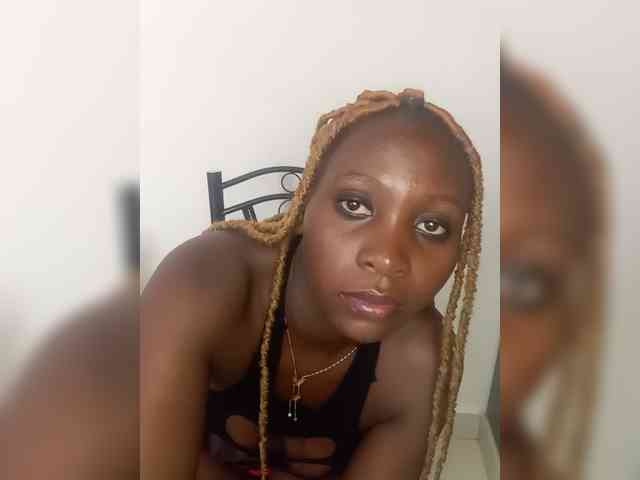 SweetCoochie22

...

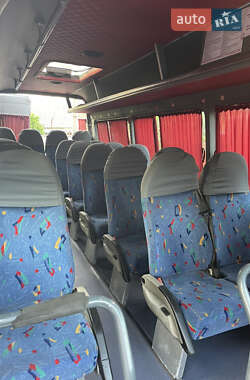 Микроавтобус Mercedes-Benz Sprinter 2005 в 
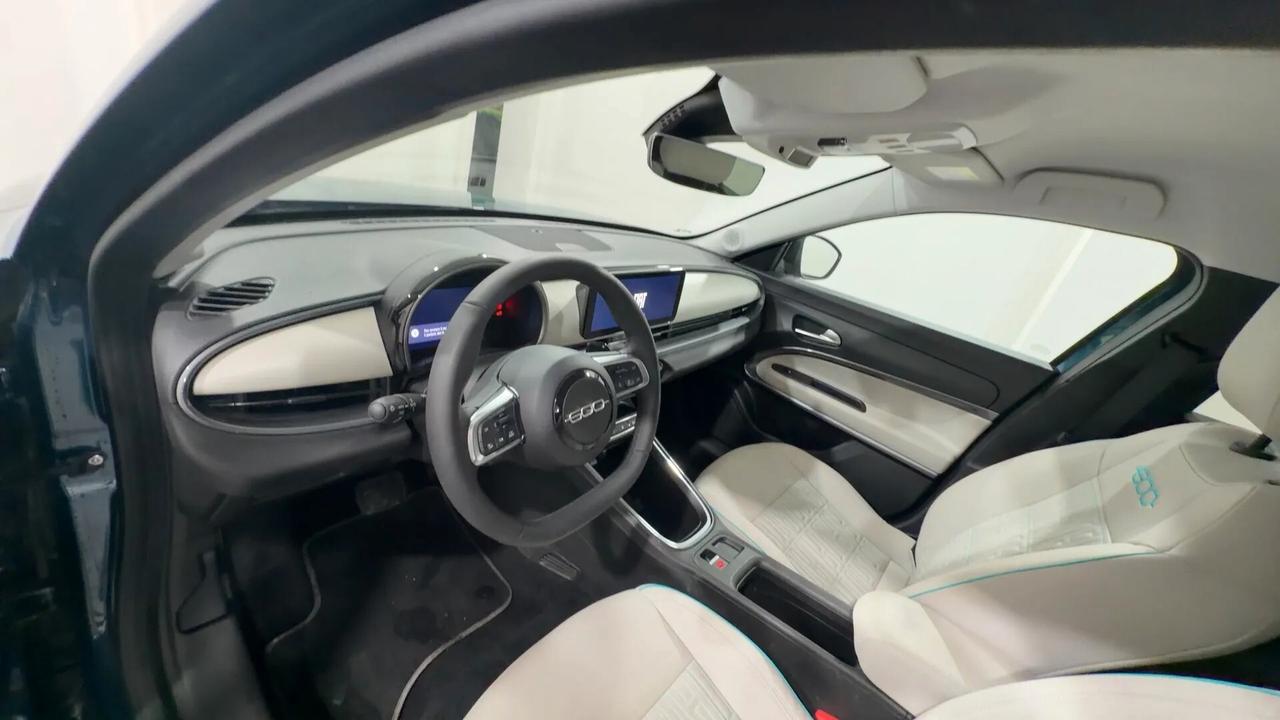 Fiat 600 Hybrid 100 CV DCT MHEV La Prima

> Problem requirements
Every line from the one with "Микроавтобус Mercedes-Benz Sprinter 2005 в" through the one with "Fiat 600 Hybrid 100 CV DCT MHEV La Prima" is to be reproduced exactly as written above, and the pictures are to be dropped.

> Exercise output
 Микроавтобус Mercedes-Benz Sprinter 2005 в 
 Fiat 600 Hybrid 100 CV DCT MHEV La Prima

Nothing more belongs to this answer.